Learning to Sense for Driving: Joint Optics-Sensor-Model Co-Design for Semantic Segmentation
Published:Dec 25, 2025 05:00
•1 min read
•ArXiv Vision
Analysis
This paper presents a novel approach to autonomous driving perception by co-designing optics, sensor modeling, and semantic segmentation networks. The traditional approach of decoupling camera design from perception is challenged, and a unified end-to-end pipeline is proposed. The key innovation lies in optimizing the entire system, from RAW image acquisition to semantic segmentation, for task-specific objectives.

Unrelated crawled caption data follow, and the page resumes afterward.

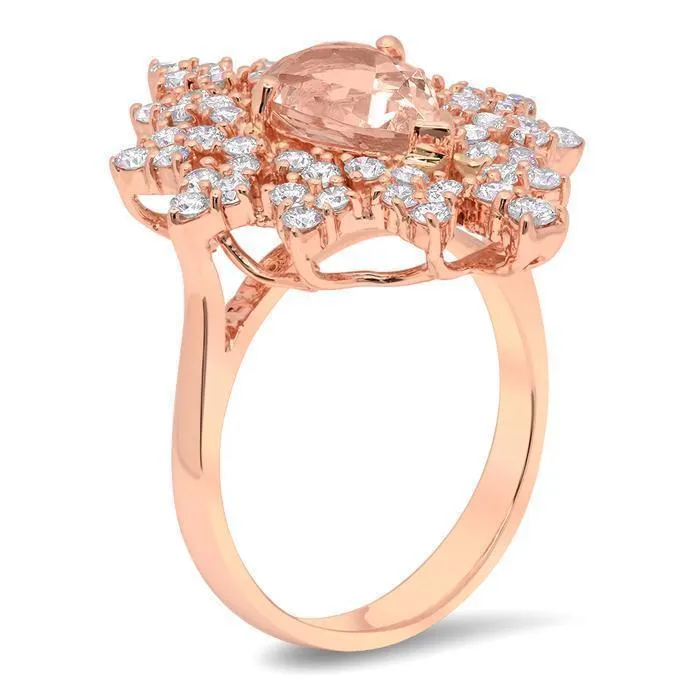 Diamond and Morganite Snowflake Ring in 14kt Rose Gold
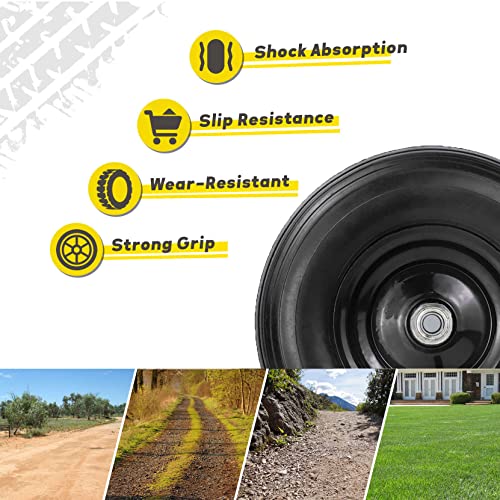 4.00-6 Pneumatic Tire and Wheel Compatible with Gorilla cart, 13'' Residential Wheelbarrow Tires Replacement, Air Filled Wheel Assemblies for Garden Carts with 5/8" and 3/4" Center Bearing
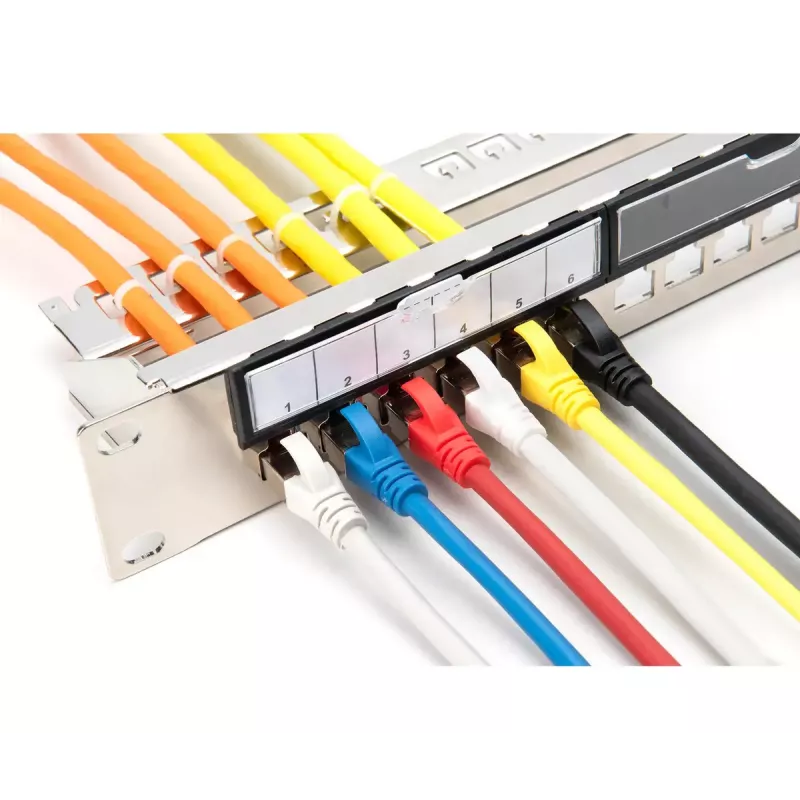 DIGITUS DN-91411-G panel de parcheo modular, 24 puertos, apantallado, galvanizado, montaje en rack de 19 pulgadas 1U, vacío, negro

The results on KITTI-360 demonstrate significant improvements in mIoU, particularly for challenging classes. The compact model size and high FPS suggest practical deployability. This research highlights the potential of full-stack co-optimization for creating more efficient and robust perception systems for autonomous vehicles, moving beyond traditional, human-centric image processing pipelines.
Key Takeaways
- •End-to-end co-design of optics, sensor, and model improves semantic segmentation performance.
- •Task-driven optimization leads to better performance than human-centric image processing.
- •The proposed system is efficient and deployable on edge devices.
Reference
“Evaluations on KITTI-360 show consistent mIoU improvements over fixed pipelines, with optics modeling and CFA learning providing the largest gains, especially for thin or low-light-sensitive classes.”